Lalu, pada 2021, Thaioil mengakuisisi 15 persen saham Chandra Asri.
Sebagian besar harta Prajogo berasal dari meroketnya nilai kepemilikan sahamnya di perusahaan produsen energi panas bumi, Barito Renewable Energy - yang juga milik Prajogo.
Barito Renewable merupakan induk perusahaan Star Energy Geothermal Group, produsen panas bumi terbesar di Indonesia dengan kapasitas 886 megawatt.
Star Energy mengoperasikan tiga proyek pembangkit listrik tenaga panas bumi yang terletak di Jawa Barat.
Perusahaan ini juga memiliki izin untuk melakukan eksplorasi di beberapa bagian Maluku Utara dan Lampung.

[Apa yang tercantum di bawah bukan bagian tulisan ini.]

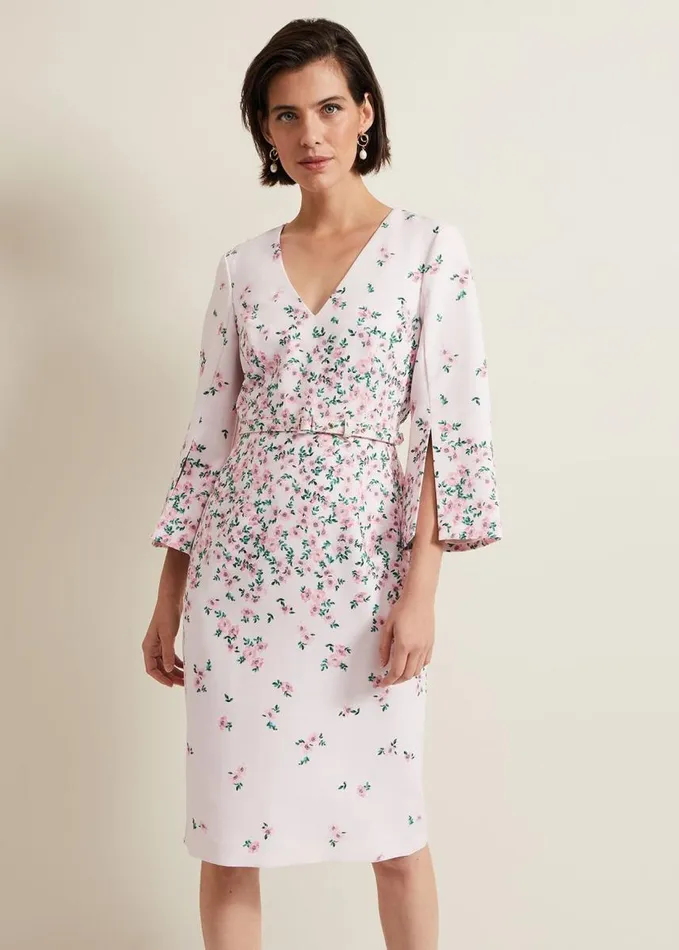 Phase Eight Giovanna Floral Belted Split Sleeve Dress Multicoloured Women Dresses
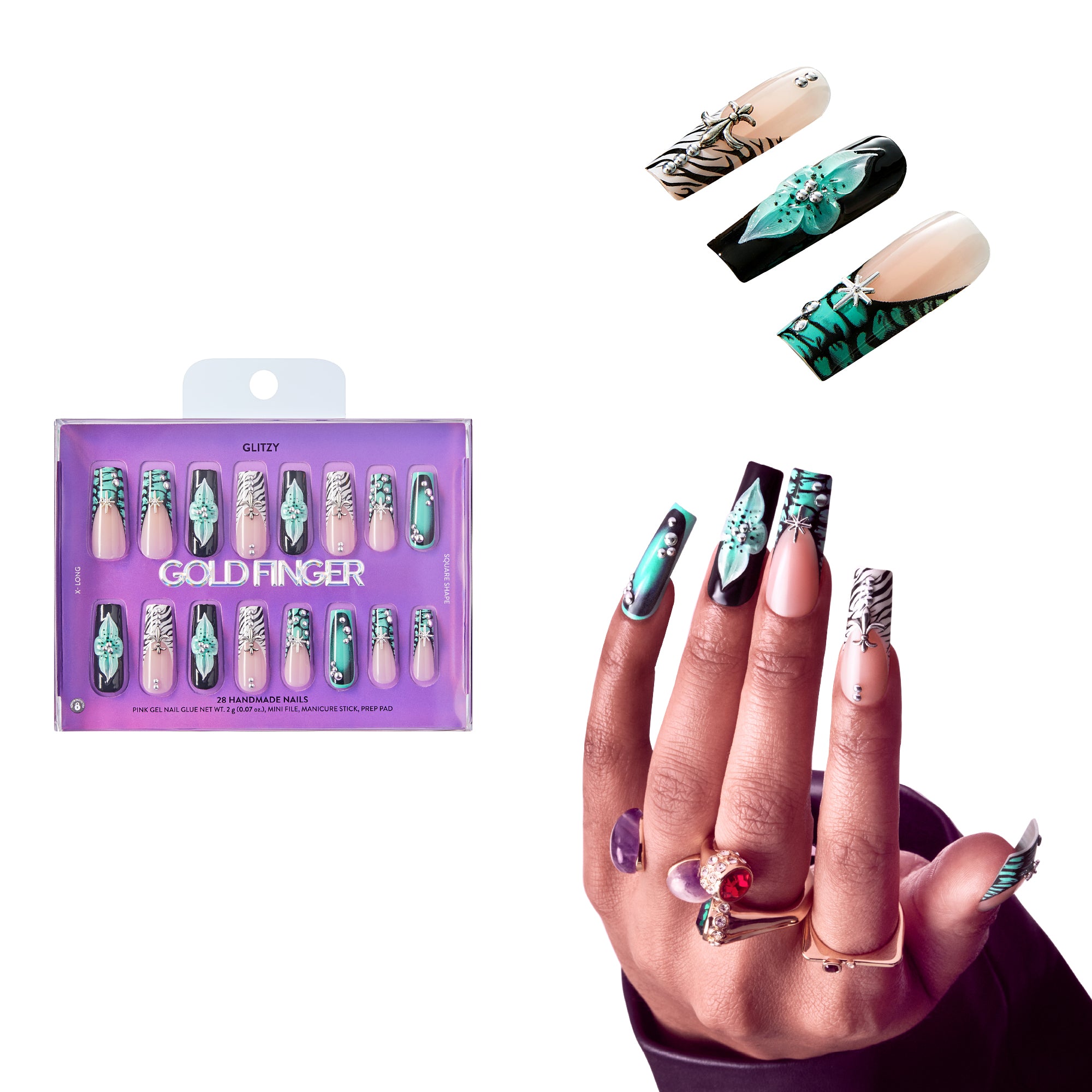 Glitzy 3D Handmade Press-On Nails - Teal Flower & Zebra French X-Long Square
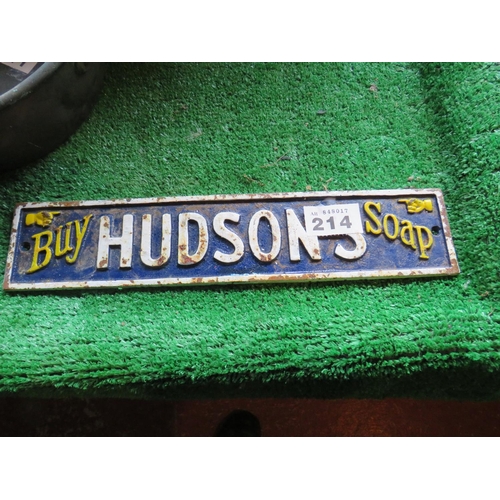 214 - Cast iron Hudson soap sign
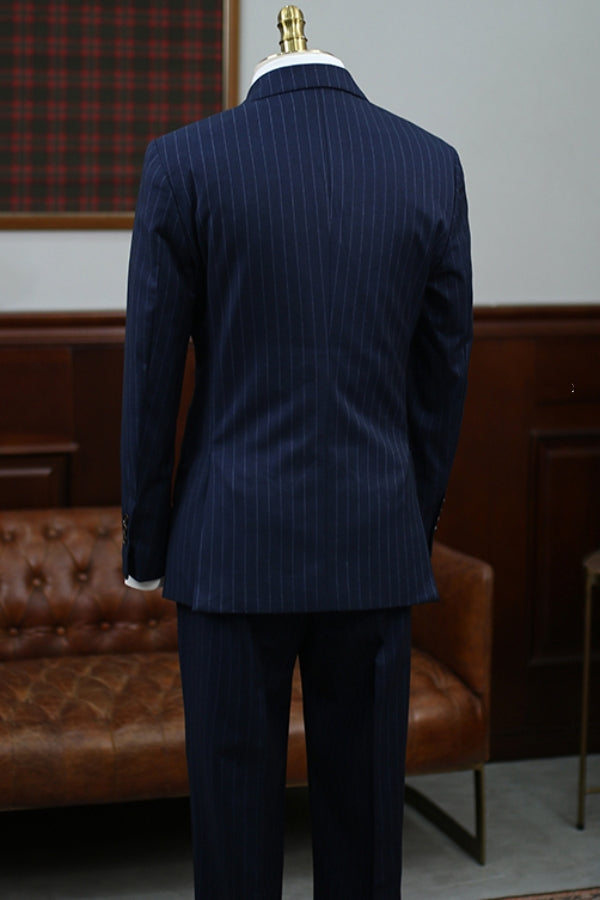 Navy Blue Pinstripe Double Breasted Formal Suits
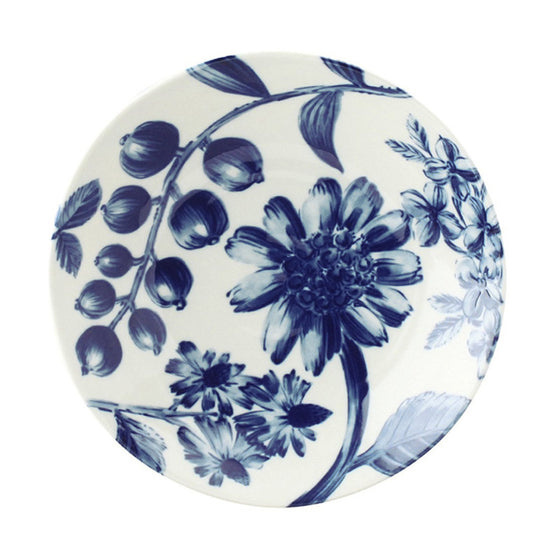 Single Serving Dessert Dish in Blue and Cream Floral Design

Diketahui, Green Era, kantor keluarga Prajogo yang berbasis di Singapura, mengambil alih Star Energy, dengan mengakuisisi sepertiga saham BCPG Thailand senilai 440 juta dolar AS (Rp6,8 triliun).
Sisa sahamnya sudah dipegang oleh Barito Pacific, perusahaan induk yang terdaftar dimana Prajogo memiliki saham mayoritas.
Prajogo diketahui sudah mempersiapkan generasi penerus untuk menggantikannya.
Anak sulungnya, Agus Salim, bekerja bersamanya sebagai presiden direktur Barito Pacific.
Putrinya, Nancy Pangestu Tabardel, mengelola kantor keluarga serta Green Era, di Singapura.
Sementara, putra bungsu Prajogo, Baritono, menjabat sebagai wakil presiden direktur komersial Chandra Asri.
Selama kariernya sebagai pengusaha, Prajogo pernah dianugerahi Bintang Jasa Utama oleh Presiden Joko Widodo (Jokowi) pada 2019 silam.
Berikut riwayat karier Prajogo Pangestu, dikutip dari situs resmi Barito Pacific:
- Komisaris Utama PT Tri Polyta Indonesia Tbk (1999-2010);
- Anggota Dewan Komisaris PT Astra International Tbk (1993-1998);
- Presiden Direktur PT Chandra Asri (1990-1999);
- Direktur Djajanti Timber Group (1969-1976);
- Presiden Direktur Perseroan (1997-1993).